Caemi started MBR in a partnership with M. A. Hanna Company in 1965. MBR since 1971 had been the second biggest iron ore producer in Brazil, mining in 2005 over 50 million tonnes of iron ore or around 25% of Brazilian production.

MBR until Vale acquired 100% of Caemi's capital in 2006 was owned by two companies: Caemi and EBM (Empreendimentos Brasileiros de Mineração S.A.). Caemi had a 49% stake at MBR while EBM owned the other 51% of the company. The problem is that Caemi also owned 70.1% of EBM, this fact brings Caemi's total stake at MBR to 84.75%. Caemi's 84.75% participation at MBR is recognized at the company's 2005 Annual Report, which was Caemi's last.

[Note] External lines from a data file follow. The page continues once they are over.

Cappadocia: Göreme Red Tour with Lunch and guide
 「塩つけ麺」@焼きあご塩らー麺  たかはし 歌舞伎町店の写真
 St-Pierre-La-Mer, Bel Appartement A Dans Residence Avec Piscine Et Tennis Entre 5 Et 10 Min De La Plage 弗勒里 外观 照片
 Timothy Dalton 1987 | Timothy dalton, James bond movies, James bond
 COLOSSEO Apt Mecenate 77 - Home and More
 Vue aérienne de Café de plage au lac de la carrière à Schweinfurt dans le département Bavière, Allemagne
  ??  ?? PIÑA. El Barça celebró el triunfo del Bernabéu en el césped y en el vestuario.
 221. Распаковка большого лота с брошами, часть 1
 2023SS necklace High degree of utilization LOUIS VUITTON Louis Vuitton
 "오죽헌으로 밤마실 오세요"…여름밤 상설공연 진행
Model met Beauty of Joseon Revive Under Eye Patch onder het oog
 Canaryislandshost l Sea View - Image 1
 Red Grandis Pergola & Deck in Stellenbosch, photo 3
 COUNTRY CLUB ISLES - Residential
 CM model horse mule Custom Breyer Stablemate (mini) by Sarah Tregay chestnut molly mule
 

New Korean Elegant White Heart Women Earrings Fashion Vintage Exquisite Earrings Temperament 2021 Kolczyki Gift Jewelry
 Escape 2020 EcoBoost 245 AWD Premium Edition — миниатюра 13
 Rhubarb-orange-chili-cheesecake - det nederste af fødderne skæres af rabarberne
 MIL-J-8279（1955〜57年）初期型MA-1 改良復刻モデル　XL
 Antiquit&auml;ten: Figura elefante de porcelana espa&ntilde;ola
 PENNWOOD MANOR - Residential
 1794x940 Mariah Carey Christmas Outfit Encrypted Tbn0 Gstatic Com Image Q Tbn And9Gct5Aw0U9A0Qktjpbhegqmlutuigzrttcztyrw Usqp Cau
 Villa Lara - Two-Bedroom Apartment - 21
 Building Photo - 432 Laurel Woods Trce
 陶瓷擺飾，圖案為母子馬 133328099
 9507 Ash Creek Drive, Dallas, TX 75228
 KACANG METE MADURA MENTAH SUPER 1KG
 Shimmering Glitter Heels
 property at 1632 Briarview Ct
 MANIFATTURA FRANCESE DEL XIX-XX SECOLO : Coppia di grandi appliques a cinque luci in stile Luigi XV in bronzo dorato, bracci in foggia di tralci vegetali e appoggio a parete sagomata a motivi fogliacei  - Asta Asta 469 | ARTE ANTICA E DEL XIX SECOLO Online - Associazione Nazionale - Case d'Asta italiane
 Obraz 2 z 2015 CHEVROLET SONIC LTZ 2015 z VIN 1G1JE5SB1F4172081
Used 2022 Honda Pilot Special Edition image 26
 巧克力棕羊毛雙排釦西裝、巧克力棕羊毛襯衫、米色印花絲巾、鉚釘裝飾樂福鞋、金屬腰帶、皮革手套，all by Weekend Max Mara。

EBM, besides Caemi had two other investors:
- Vale owned 9.9% of EBM since 2001, participation which was purchased from Bethlehem Steel
- Japanese investors owned the remaining 20% of EBM and in this group were included the following companies: Mitsui, Nisshin Steel, Nippon Steel, Mitsubishi Corporation, JFE Steel, Itochu, Sumitomo Group, Marubeni and Kobe Steel.

===Vale acquires MBR===

After Vale bought 100% of Caemi, Vale's stake at MBR reached 89.8%, that's because Vale became the owner of Caemi's 84.75% stake at MBR and Vale already indirectly owned 5.05% of MBR through its 9.9% stake at EBM.

This meant that Vale had only to acquire the remaining 20% of EBM at the hands of the Japanese investors in order to become owner of 100% of MBR. This objective was achieved in May 2007 when Vale bought for $231 million 6.25% of EBM from the Japanese investors and simultaneously leased the 13.75% left from the Japanese group in exchange for a down payment of $60.5 million and annual fee of $48.1 million for the next 30 years. Vale now owns 100% of MBR.

==Vale acquires Caemi==

The mining company Vale bought between 2001 and 2006 100% of Caemi's capital for a total cost of $3.2 billion.

Back in 2001 Vale bought for $278.7 million 16.82% of Caemi's capital then in 2003 Vale purchased Mitsui's participation on Caemi for $426.4 million, raising Vale's participation to 60.2% of Caemi's total capital.

Finally on 31 March 2006 Vale purchased the remaining 39.8% of Caemi's capital in a stock swap deal worth $2.5 billion. In May the company's shares stopped being negotiated at Bovespa and then in December Caemi was merged into Vale and ceased to exist.